(CNN) -- The Vatican expressed rare public anger Wednesday in blasting the leaking of private papers from the pope's apartment, a scandal that observers say lifts the lid on a secret power struggle going on behind the closed doors of the Catholic Church.
A top Roman Catholic Church official called the theft of the documents "an immoral act of unprecedented gravity" and "despicable abuse of the relationship of trust that exists between Benedict XVI and those who turn to him."
Archbishop Angelo Becciu made the remarks to the Vatican's official newspaper six days after the pope's butler was arrested for leaking the papers.
Paolo Gabriele, 46, was arrested Wednesday on accusations of illegal possession of confidential documents, the Vatican said in a statement issued three days after the arrest.
With the leaks, the pope's very ministry "has come under attack," Becciu said.
The pope himself referred briefly to the scandal at the end of his regular Wednesday audience, his first public remarks on the matter.
He criticized reports about the affair as "entirely gratuitous" and presenting "a completely unrealistic image of the Holy See."
But experts say that exactly the opposite may be the truth, and that the arrest, alongside the firing of the head of the Vatican Bank a day later, may reveal the battle going on behind the scenes at the Vatican.
The two events are bad PR for the top hierarchy of the Roman Catholic Church, but they may be more than that, experts say. They could affect who becomes the next pope.
The effect of each one is the same: to weaken the authority of Pope Benedict XVI's second in command.

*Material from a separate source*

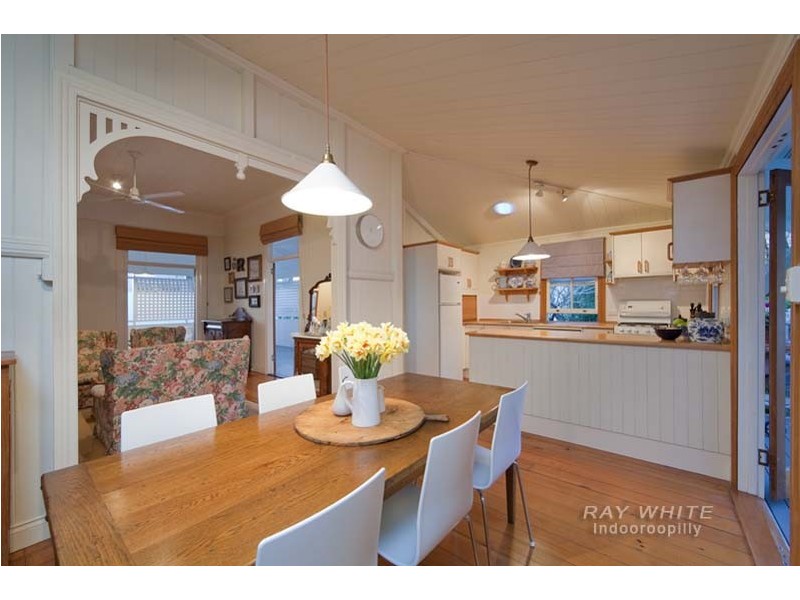 24 Clarence Road, Indooroopilly QLD 4068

Cardinal Tarcisio Bertone, the Vatican secretary of state, is involved in a power struggle with his predecessor, experts say.

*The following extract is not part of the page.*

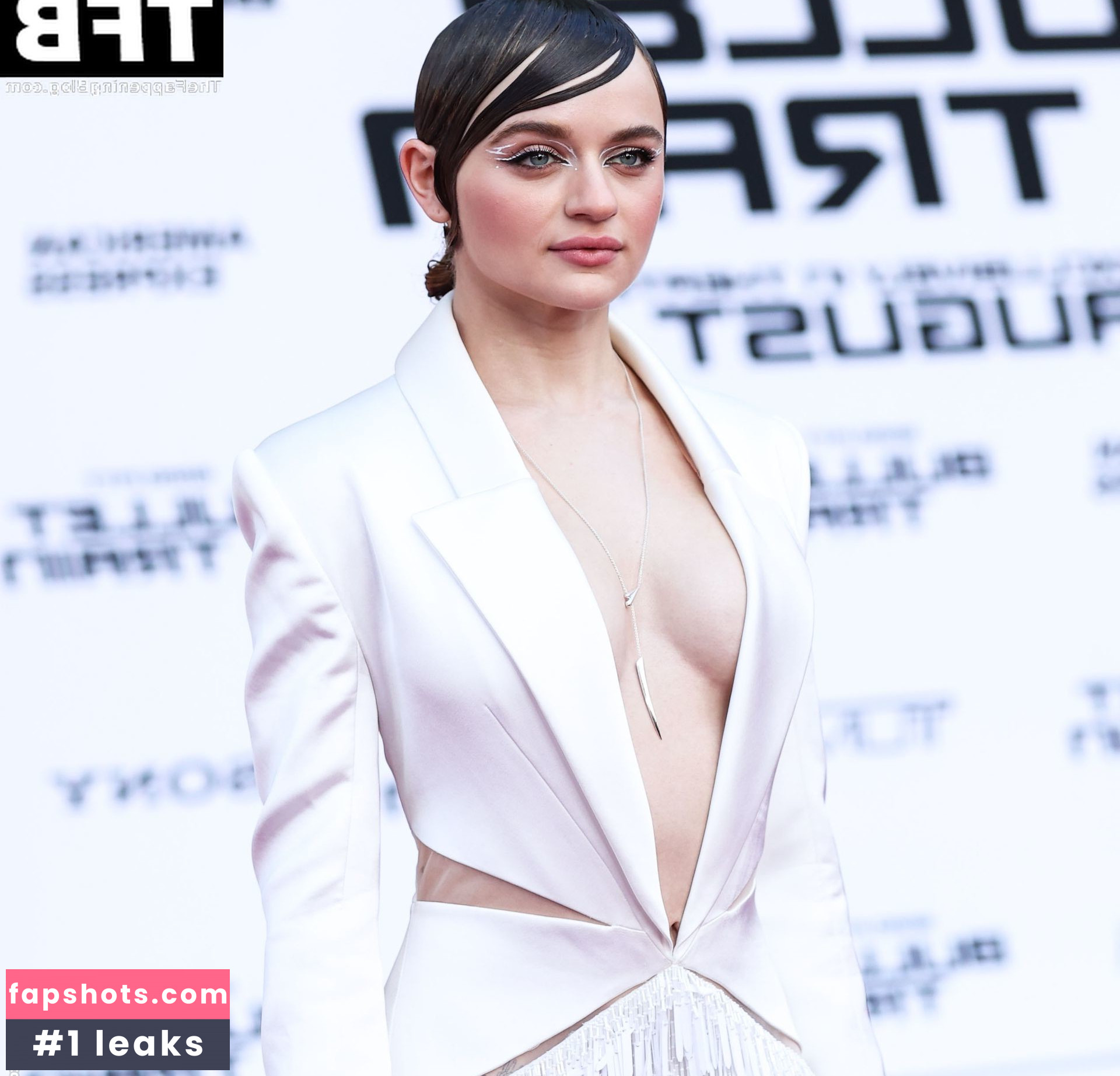 Joey King gallery photo #1197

"The reason for this fight is that the secretary of state will have a strong influence over the next conclave which will choose the next pope," said Giacomo Galeazzi, a journalist at the Italian daily La Stampa.
The late John Paul II's secretary of state, Cardinal Angelo Sodano, is trying to sideline Bertone and put one of his own proeteges in place before Benedict dies, Galeazzi said.
"The leaks will end when Bertone is out as secretary of state," he predicted.
He said he expects that Bertone, who will be 78 in December, would be replaced at the end of the year, but not by the cardinal Sodano wants.
Sodano, who is now the dean of the College of Cardinals, isn't the only one who doesn't like Bertone, said the Rev. Thomas Reese, author of "Inside the Vatican."
When he became Vatican Secretary of State, Bertone "did what normally happens. He brought in his team, the people he likes, the people he trusts, and he put them in key positions in the Vatican," Reese said.
"There are people who had hitched their star to the previous secretary of state who thought by now they would become an archbishop or a cardinal, and they didn't," Reese said. "These people are unhappy and don't like Bertone."
Part of the reason for the butler and bank scandals is that the Vatican hasn't been run well in decades, Reese said.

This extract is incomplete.